On Tuesdays, Sen. Lindsey Port clears hours on her schedule to take feedback on cannabis legalization, allowing anybody with a concern or suggestion to get face time with the lead Senate sponsor.
A few thick folders sit within Port’s reach in her office. They’re filled with emails, reports, proposed amendments and other advice she’s accumulated during the more than 100 appointments she’s had since January in what she describes as the biggest undertaking of her time in the Legislature.
“I’ve met with everybody from students who want to make sure that there is peer-to-peer education on the dangers of marijuana to hemp farmers to criminal justice lawyers to concerned parents, people who don’t want cannabis legalized,” said Port, DFL-Burnsville. “Really, I have not said no to those meetings.”

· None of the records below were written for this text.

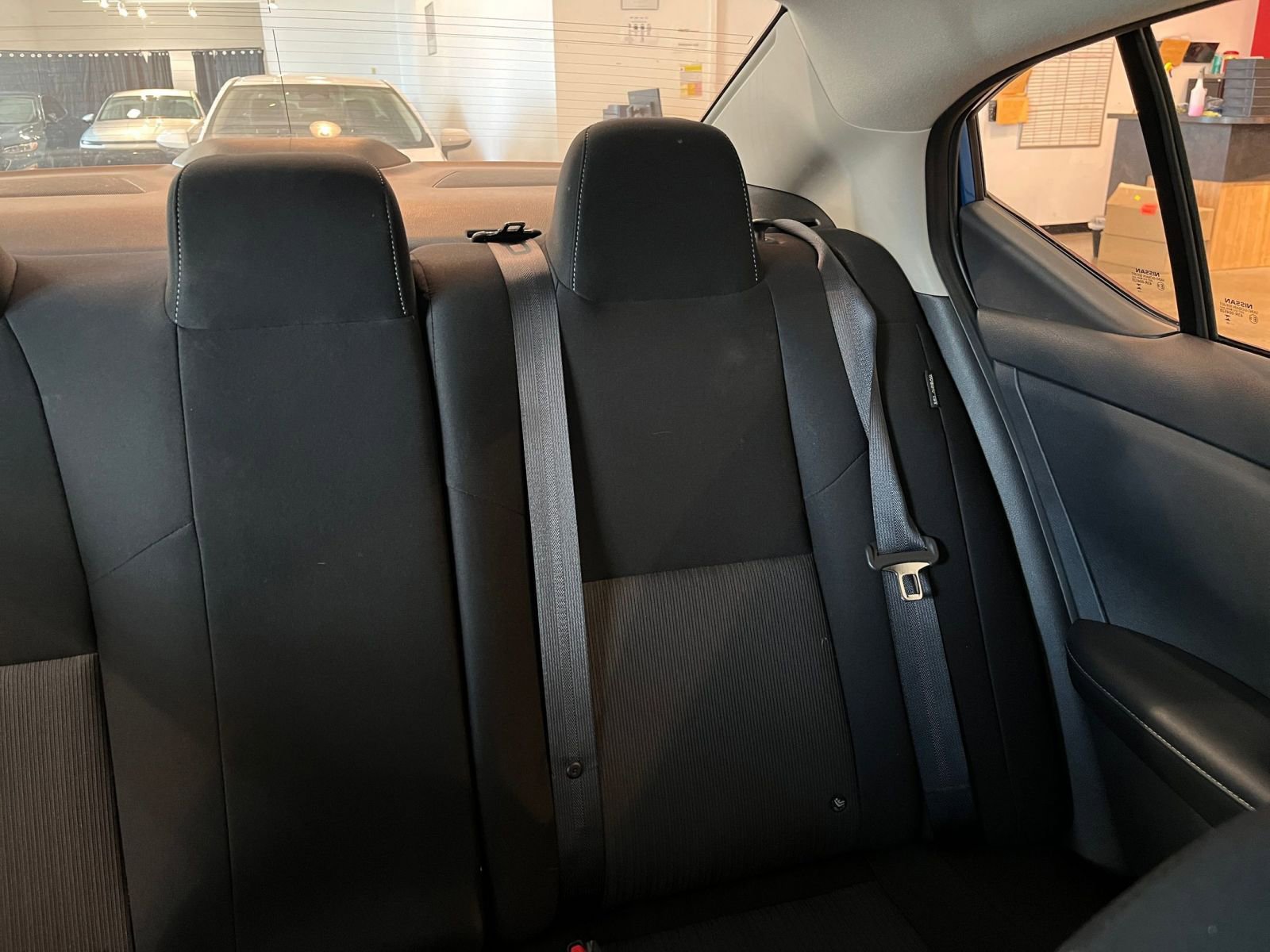 Thumbnail: 2024 Nissan Sentra - 35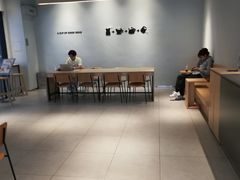 -Seesaw Coffee(深圳深业上城店)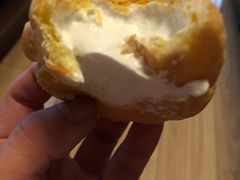 泡芙-闻酥园(水碾河路店)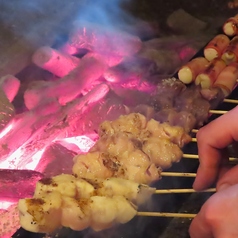 串焼ビストロ BUAISOUのコース写真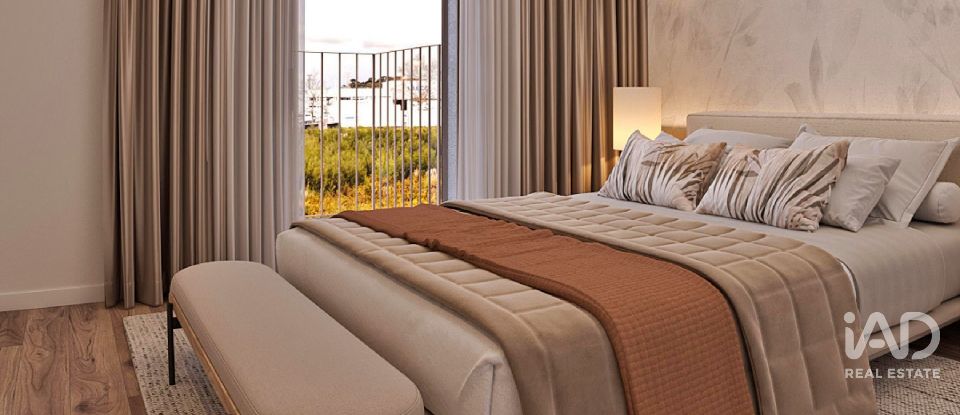 Apartamento T2 em Oliveira do Douro de 81 m²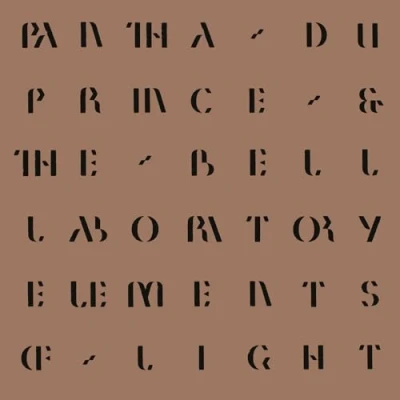 Afbeelding van Pantha Du Prince Elements Of Light (CD)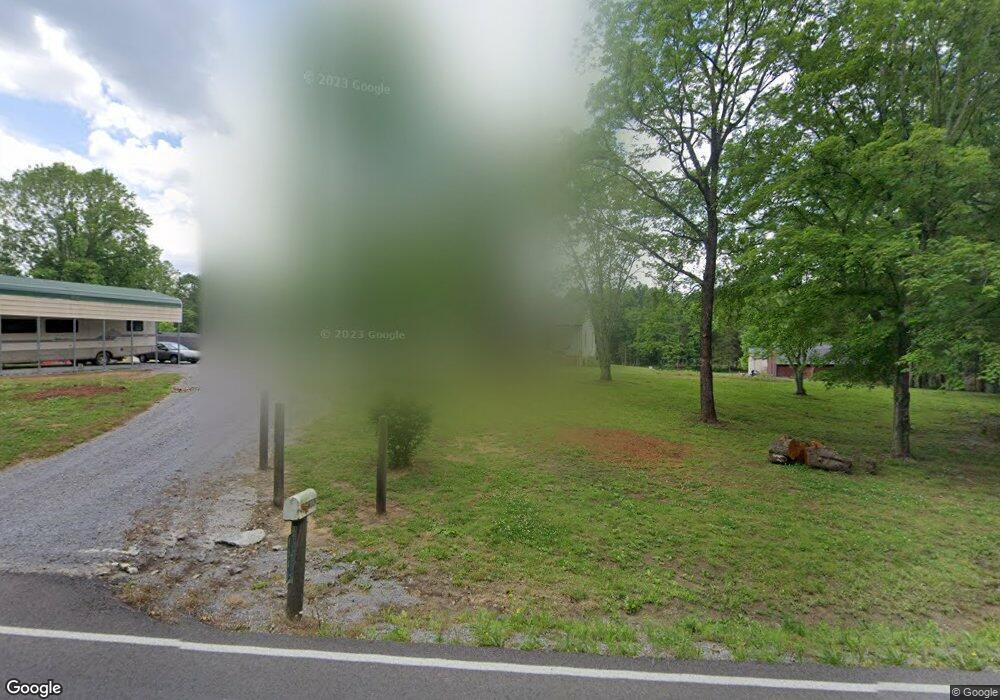 1540 Warner Bridge Rd, Shelbyville, TN 37160 - photo 1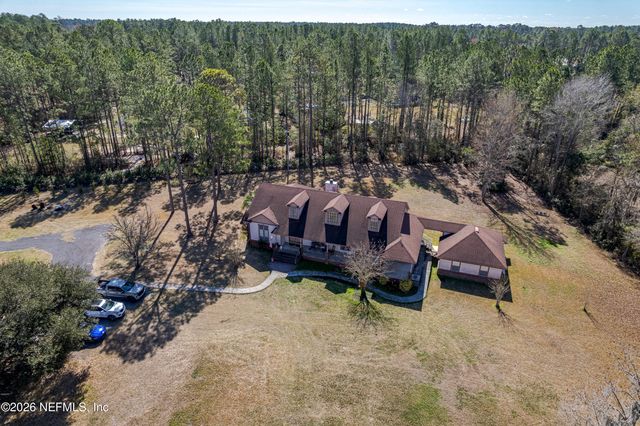 8404 NESBITT Road, Macclenny, FL 32063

As lawmakers return to the Capitol for the session’s remaining six weeks, the marijuana bill is nearing the end of a committee gauntlet. Votes on the House and Senate floor could happen yet this month, although differences in the bills before each body seem certain to push the plan into another round of negotiations.
“The Capitol has given this bill a full vetting,” said Rep. Zack Stephenson, DFL-Coon Rapids, whose now 291-page bill has been through 14 committees and has at least one to go. “And that’s I think one of the reasons why we’re poised to get the job done this year.”